Individual Work

“Changed”, is an electronic literature piece created through the use of html code and java Script by Andy Campbell and Lydia Williams. It depicts a narrative in which one reads/experiences the effects of physical and psychological abuse inflicted upon a girl, whose age and social status are never revealed. The inflictors and situations in which the distress and fear was caused and delivered are left in ambiguity, letting the readers construct their own versions of what might have happened. The audio reinforces the dark and moody atmosphere with various sounds in a continuous loop, the most prominent being raindrops, the occasional rumble of thunder, some synthesised electronic beats and sudden metallic collisions.

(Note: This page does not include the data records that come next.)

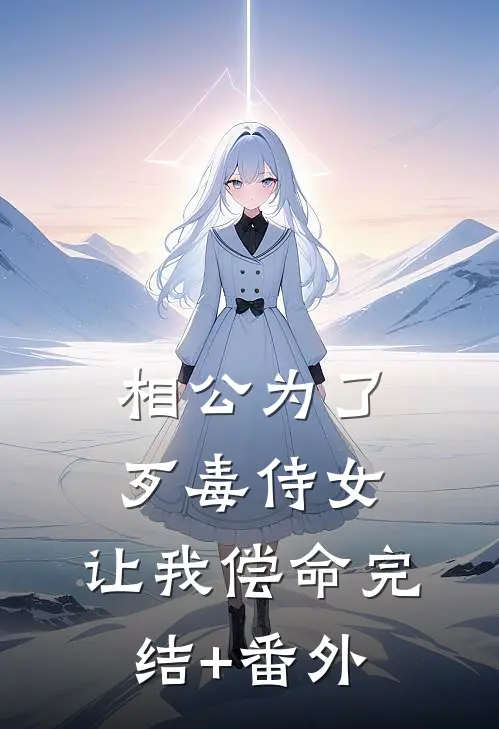 相公为了歹毒侍女，让我偿命完结+番外
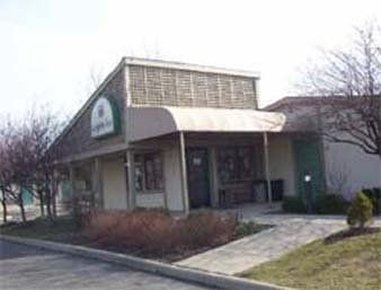 Hotel KNIGHTS INN LANCASTER OH
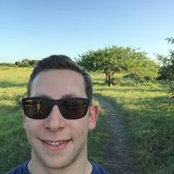 Daniel Gilmour's photo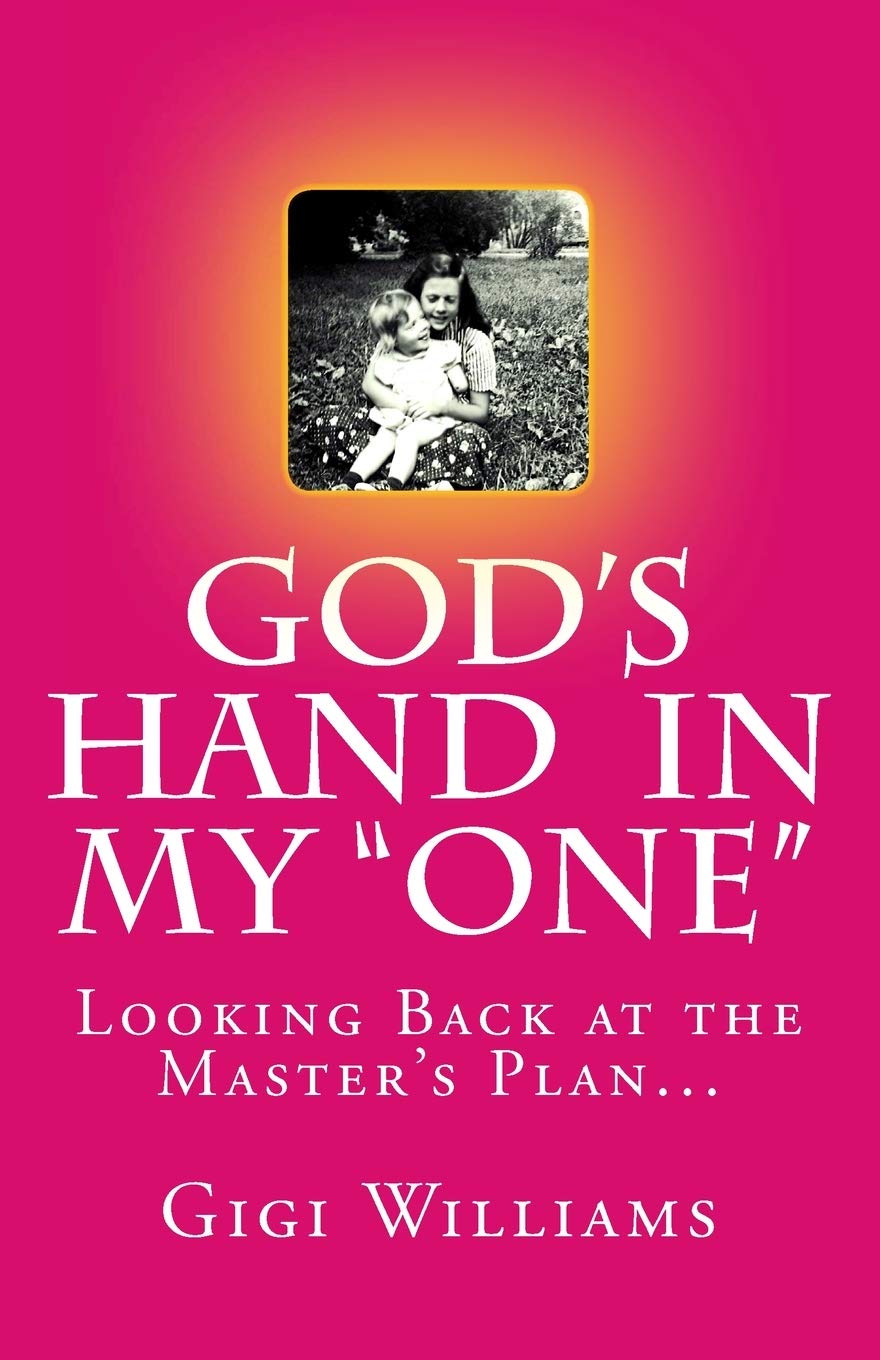 God's Hand In My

When the paragraphs of the story are read, one is presented with semi-lucid memories of the aforementioned girl. The text presents itself when you click on a single sentence floating around, and after twenty seconds, it fades away. As she processes the situations that she has experienced, it is difficult to tell whether they just transpired or happened hours ago. When remembering the scenes of her trauma, the girl’s mind wanders to thoughts of unrelated topics, like for example that her wardrobe is heavily supplied with personal items. Since the events of various horrors in the story are vague the story invites the readers to personally attempt to fill in the blanks with potential scenarios. Hints at personal thoughts by the girl about other places/objects are manifested in the represented environment of a tunnel laden with graffiti, debris earthly filth. It is use as a canvas for the things she imagines like the wallpapers of her home and a lamp to lighten up the imagined room.

The presentation of this story is very linear, one can progress farther into the tunnel without reading anything, but if one does, the tunnel will be completely dark. One can only move to the right or the left, and only the right path will allow progression further into the story. Because the interface is actively trying to obfuscate the work it seems to invite interpretation of a personal nature, changing the story’s implicit meaning.

This entry was drafted by students in Maria Engberg's Language Studies II course, part of the Bachelor of Science program Digital Culture and Communication at Blekinge Institute of Technology (Sweden) during the spring of 2012.